Beschneidungsverbot: Europäische Rabbiner entrüstet über Urteil


Nach dem aktuellen Urteil eines Kölner Gerichtes, zeigten sich die Europäischen Rabbiner entrüstet über das Verbot der Beschneidungen. Sie bezeichneten das Urteil als größten Angriff auf das jüdische Leben in Deutschland seit dem Holocaust.

Ein Urteil eines Kölner Gerichtes sorgt offensichtlich für Unmut bei dem Verband der Europäischen Rabbiner. Das Gericht hatte in einem aktuellen Urteil religiöse Beschneidungen untersagt. Allerdings kommt jetzt ein Kompromissvorschlag von den Grünen, sie planen ein Gesetz, das religiöse Beschneidungen im Detail regeln soll.

Rechtssicherheit geben

So wollen die Grünen nach der Sommerpause mit Experten und Verbänden diskutieren, ob es eine Möglichkeit gibt, dieses Problem per Gesetz zu regeln und den Juden und Muslimen in Deutschland Rechtssicherheit zu geben, so die Fraktionschefin der Grünen, Renate Künast, in einem aktuellen Interview mit der Tageszeitung „Die Welt“.

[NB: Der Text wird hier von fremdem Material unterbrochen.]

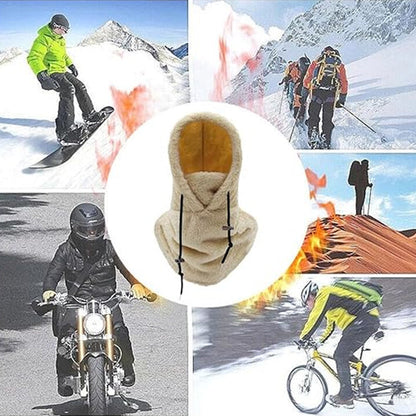 Arcticshield 3-in-1 Winter Hat for Warm, Windproof, and Multifunctional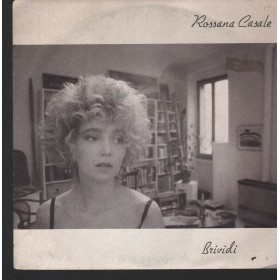 Rossana Casale Vinile 7" 45 Giri Brividi Philips – 8845537 Nuovo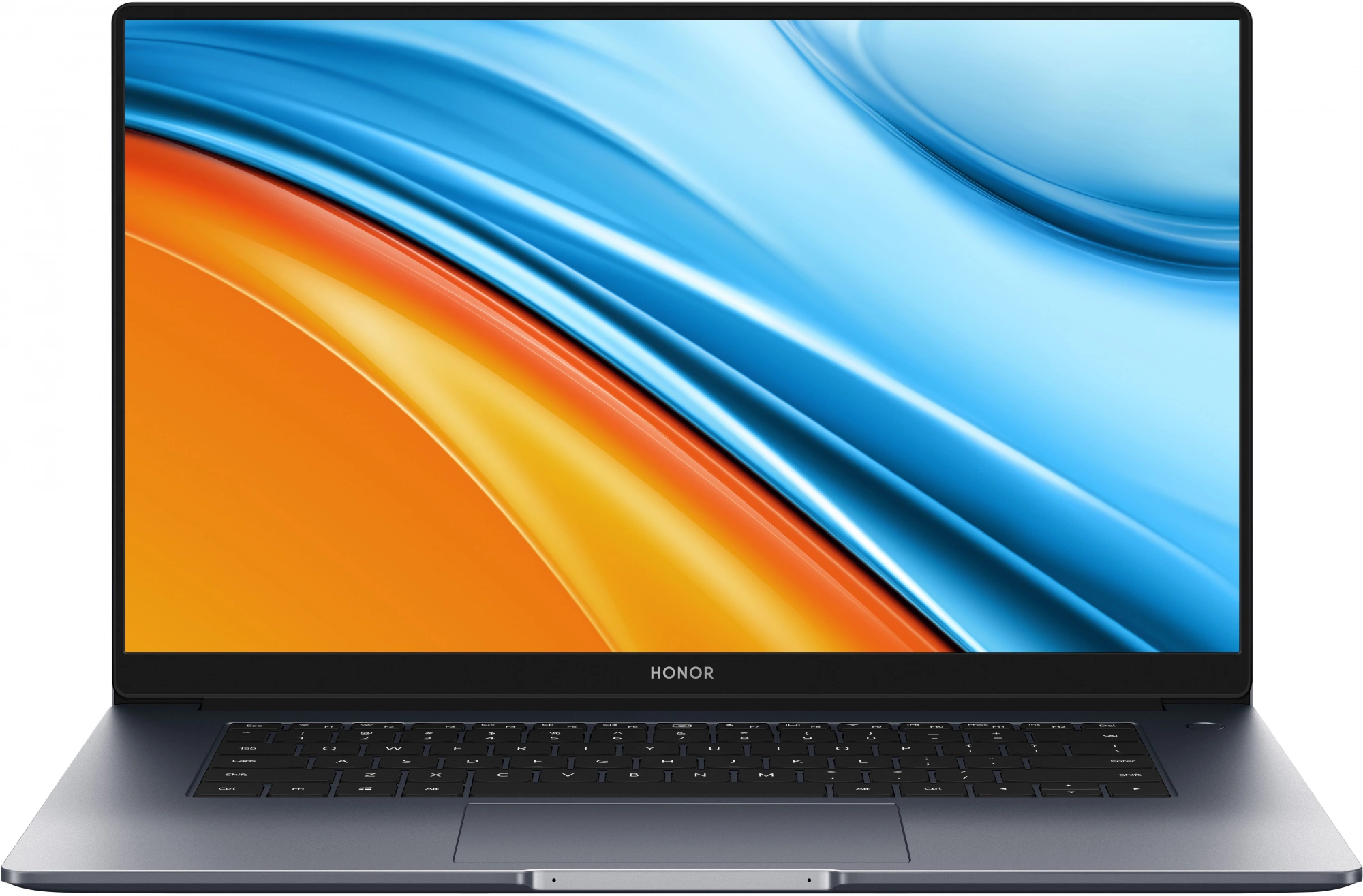 Ноутбук Honor MagicBook 15 BMH-WFP9HN Ryzen 7 5700U 16Gb SSD512Gb AMD Radeon 15.6" IPS FHD (1920x1080) noOS grey WiFi BT Cam (5301AFVL)
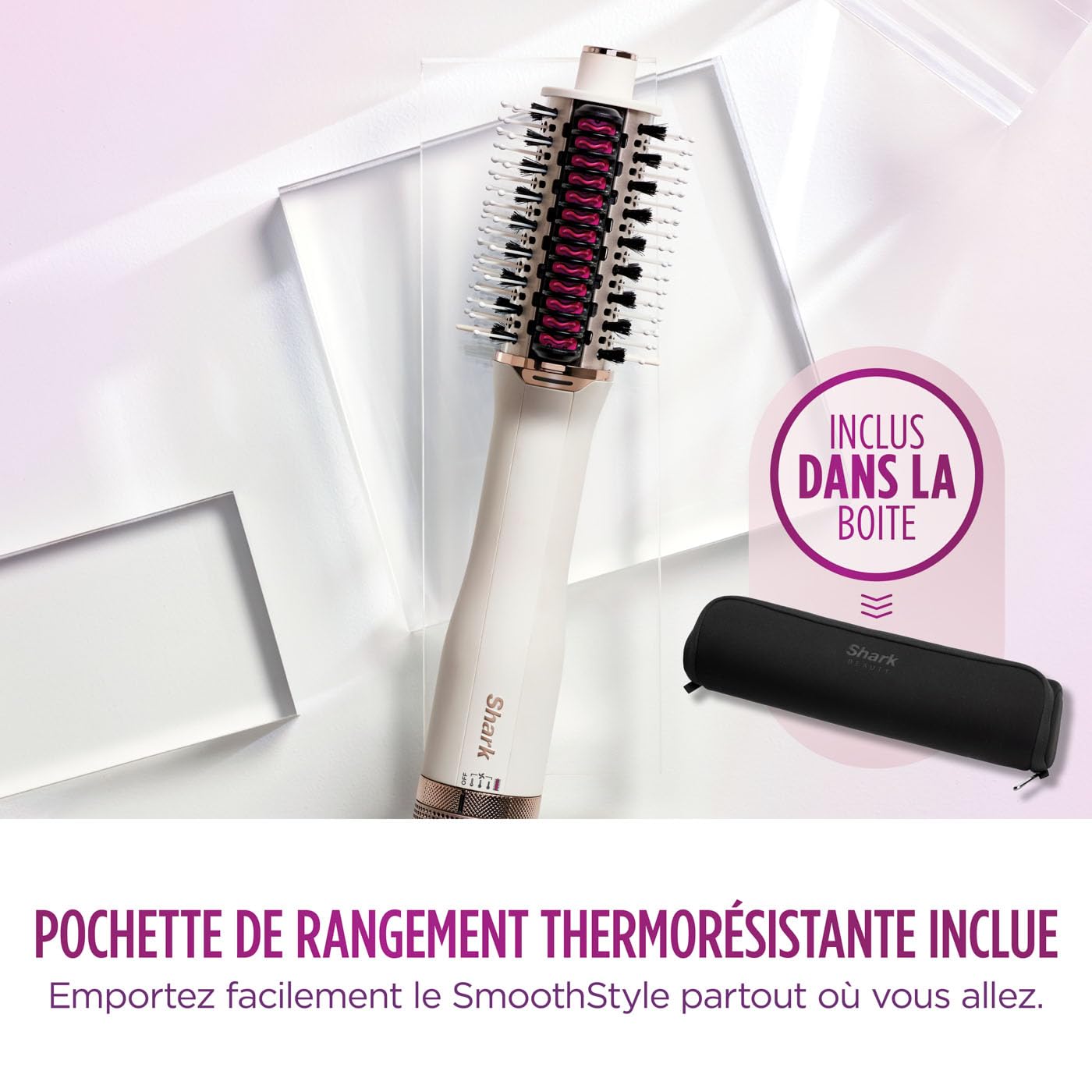 shark-smoothstyle-ht212eu-brosse-chauffante-blanc-soie-c-ramique image 2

Das neue Gesetz soll dabei drei Grundprinzipien beinhalten. Zum einen die Unversehrtheit des Kindes, zum zweiten das elterliche Sorgerecht und zum letzten die Religionsfreiheit. Das Kölner Gericht hatte in jüngster Vergangenheit geurteilt, dass die Entfernung der Vorhaut bei Jungen aus religiösen Gründen Körperverletzung darstellt und damit strafbar sei.

Keine Zukunft für Juden in Deutschland

Von der Konferenz der Europäischen Rabbiner wird das aktuelle Gerichtsurteil als größter Angriff auf das jüdische Leben in Deutschland seit dem Holocaust bewertet. So würde ein Verbot der Beschneidung die Existenz der jüdischen Gemeinschaft in Deutschland in Frage stellen, so der zuständige Präsident des Verbandes, der Moskauer Rabbiner Pinchas Goldschmidt, am Donnerstag dieser Woche.

Außerdem sieht der Präsident keine Zukunft für die Juden in Deutschland, sollte das Urteil weiter aufrechterhalten bleiben. Allerdings hegte er auch die Hoffnung, dass die Beschneidungen aus religiösen Gründen gesetzlich geregelt werden.

Bund mit Gott

Die erste Beschneidung wurde etwa 1800 bis 1600 vor Christus durchgeführt. Die Juden sollen diese Praktik dann ungefähr 600 vor Christus übernommen haben. Danach wurde die Beschneidung von Neugeborenen (auch Brit Mila genannt) zur Pflicht. Die Beschneidung findet am achten Tag nach der Geburt statt.

Die Beschneidung gilt zur Vorsorge, um Geschlechtskrankheiten, die über die Schleimheute übertragen werden weitestgehend zu vermeiden. Zudem wird die Bescheidung im Judentum als Eintritt in den Bund mit Gott angesehen.